He soñado en los últimos meses dos veces con qué me iba de
crucero. El último fue muy dilatado en su argumento. El barco aportó en Argel.
Bajamos el grupo que íbamos juntos y yo enseguida tomé una foto, para reñir
inmediatamente a mi amiga X por hacerla ella también, cosa que retrasaría
nuestra visita, que no era de larga duración. Estábamos en un alto y la ciudad
se divisaba a no muy larga distancia. Cuando íbamos calle abajo, un argelino se
ofreció a guiarnos pero, oh problema, hablaba en alemán, por lo que no le entendimos
ni jota. Nos condujo hasta la casa de un sacerdote español. El acceso era harto
difícil pues el ascensor era un tubo en el que sólo cabía una persona: su
entrada estaba casi pegada al suelo de la acera, por lo que había que inclinarse,
introducirse en él, salvar un codo y dejar después que una fuerza te succionara
hacia arriba. Cuando ya estábamos en la sala todos juntos para iniciar la
charla con el sacerdote, yo les hago saber a mis colegas que tenemos que
volvernos pero ya porque el barco no tardará en zarpar. Allá que nos vamos
todos corriendo, con miedo de quedar en tierra y sabiendo la reprimenda que
recibiremos de, oh sorpresa, fray Paco, nuestro guía. Ya en el barco, que tuvo
a bien esperarnos, su mirada colérica nos traspasa a todos.

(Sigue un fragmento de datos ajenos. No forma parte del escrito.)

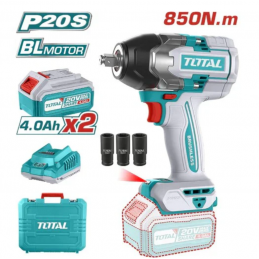 PISTOLA DE IMPACTO INAL 1/2" 20V 850 N.M + 2 BAT + CARG TOTAL UTIWLI2085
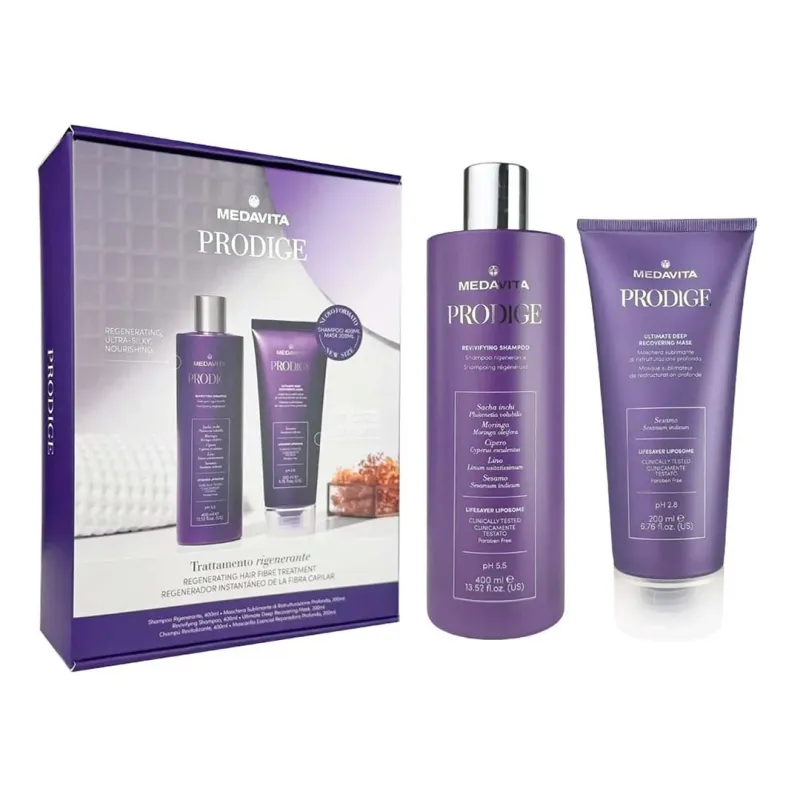 Medavita - Prodige - Ensemble Traitement Fortifiant (400/200 ml) Medavita - Prodige - Ensemble Traitement Fortifiant (400/200 ml)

La salida del puerto de Argel está llena de curvas, timón a la derecha, timón a la izquierda, y dos malecones en forma de inmensas cadenas doradas flanquean su tramo final. Cuando ya estamos en alta mar, me percato de que me robaron el bolso en la capital de Argelia. Pobre de mí. Después me veo subiendo y bajando ascensores sin que acierte nunca a llegar a donde quiero ir, cruzando salas sin fin, preguntando a todo el mundo dónde están los sitios. El final es bonito: mi habitación está encima de la cabina de los pilotos, justo en la proa, y veo como el enorme buque rompe el mar camino de un lejano horizonte.